State Induction

Imagine you are coaching a basketball team. You want to train your team to be good at 2-point shooting from the inside. Now imagine for some weird reason you can't test that, and you need to play a whole 4 quarters basketball game in order to be able to maybe, with a lot of luck, score 2 points. That would suck, right? This actually sounds insane because we all know we can skip the whole game and just train 2 points from inside right? Well, what IF I told you the basketball game is often a people test software, and they cannot train exact scenarios (State Induction), and they actually need to test the whole thing (expensive E2E testing). What if we could write tests in a very different way, so that it would allow us to have massive parallelism, and perhaps multiple people could test the same thing at the same time, and it would work.

The problem is not the environment 

In one of my previous posts, I discussed why shared environments do not work. The post was called: Environments and People. Basically, you can have as many non-shared environments as you want, and you will have the exact same issues.  Because the problem isn't the environment, it's how people behave in it. When you add new environments, people behave the same; therefore, you have the exact same issues. In the post I mentioned, I was talking about a series of principles that people need to follow and behave according to to achieve better results.

The bottom line is simple (the actual work is pretty hard). We need to change people's behavior, which can only happen with training and a lot of support. IF you stop to think about it, the production environment never had these problems. There are maybe thousands of users running in production, and all are different users "live" there, and all work without issues. Not only can people not touch production, which is one of the reasons why it works and non-production environments do not work. One simple option could be to remove access to people in non-production environments and force them to only mess around in their local environment, maybe using containers. However, that's not enough, we need to change how tests are written also. 

What about production data?

But what if we make production data safe and anonymous, and then refresh it in non-production time to time? Maybe that's all synthetic data; it doesn't even need to be real data. 
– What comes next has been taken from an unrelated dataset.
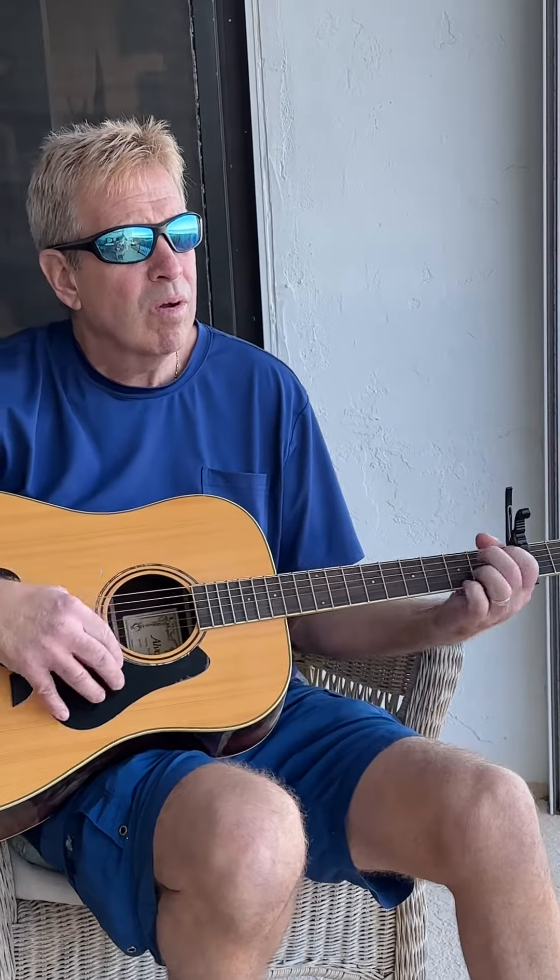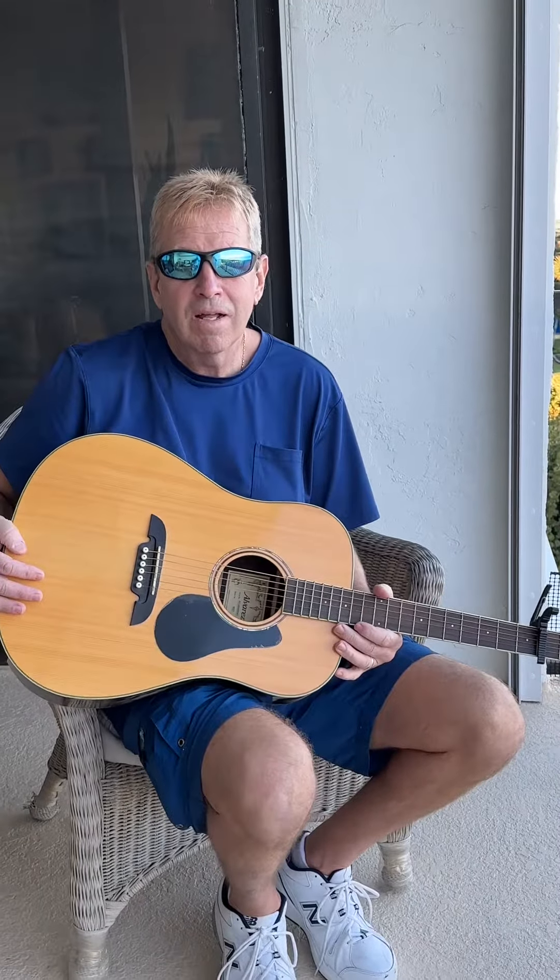We'll get the gist of it. All right, that's the lesson today, thank you.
Sounds like a good idea, right? Only on the surface. Because when you provide such bucket data to people and say, " Come here, pick it. The problem is that it still does not avoid collisions. Unless that happens in their local environments inside a container, but one day you will need to move to a shared environment in non-prod, and that's where you will have trouble. We need a different approach. 

Easy and Hard Tests

Some tests are very easy to write; you don't need a lot of support or even a lot of changes. However, some tests need to be fundamentally different from how we approach testing. Now this leads us to this spectrum:



IF you have a read operation, meaning you are just reading data, then you do not need to worry, you simply write your test, and it will all be fine (as long as you are not depending on a hard-coded ID). IF you test insert the data you need and delete, and the end (setup and tear down), you are gold; easy peasy lemon squeezy. However, if you test needs to mutate data (delete or update) thats where we need to do other things; we can't just simply test.

IF you simply test, very likely you will endup with a flaky test, which will give you random headaches all the time in your shared environment. These are hard to test, but it's ok, hard things can be tested. They just require a bit more work, but are still doable, and we can and will do them.
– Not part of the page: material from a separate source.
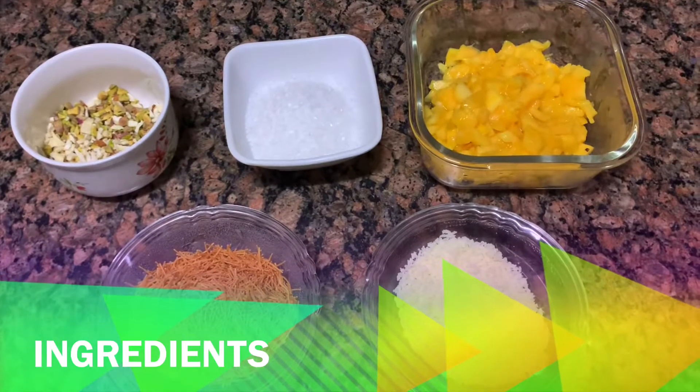After 5 or 6 main courses, let's do something in desserts. Today we are going to make Mango Seviya Kulfi Homemade Style. It will be a lot better and you will also like it. So let's start with today's ingredients.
No, you don't need production data...

There is one interesting thing about production data. Production data covers a variety of testing scenarios. 
Very often, when people ask about production data, they want to see which scenarios they need to consider for testing. That's fair, but I would still argue you don't need production data. What you need is a Testing Contract; you need to write you software in a way that will work without testing with all data in production.
For instance, let's look at the USA power outlet standard. Pretty sure when manufacturing companies build power outlets, they do not and will not test with all hours of America. That could be insane and impractical. Instead, they have a contract, which is a set of rules on what they support, and they test the adherence to those rules. You don't need to test with all data in production, but you need to get you testing contract right. 

By doing so, we will need much less E2E testing, and you will be able to test components in isolation. Now, again, we don't need the production data; we need the "State" induced so we can guarantee it will work when the component faces real production data.

We have 2 mindset shifts going on here. The first one is that instead of needing production data, you need "State" and you need to be able to "induce" that starts fast. Remember the basketball metaphor I used at the beginning of this post? We dont want to play the whole game (E2E testing) to test 2 points from inside (which can be done with state induction). The second mindset shift is that we are building the tests very differently now to make them reliable and scalable in a massive environment. 

State Induction Patterns

2 years ago, I wrote a post about induction and testing hard things like batch jobs and queues. Here are the same ideas, however presented in a form of patterns. Here are 3 patterns that will allow us to perform tests in a way that will be aligned with the principles I described earlier. 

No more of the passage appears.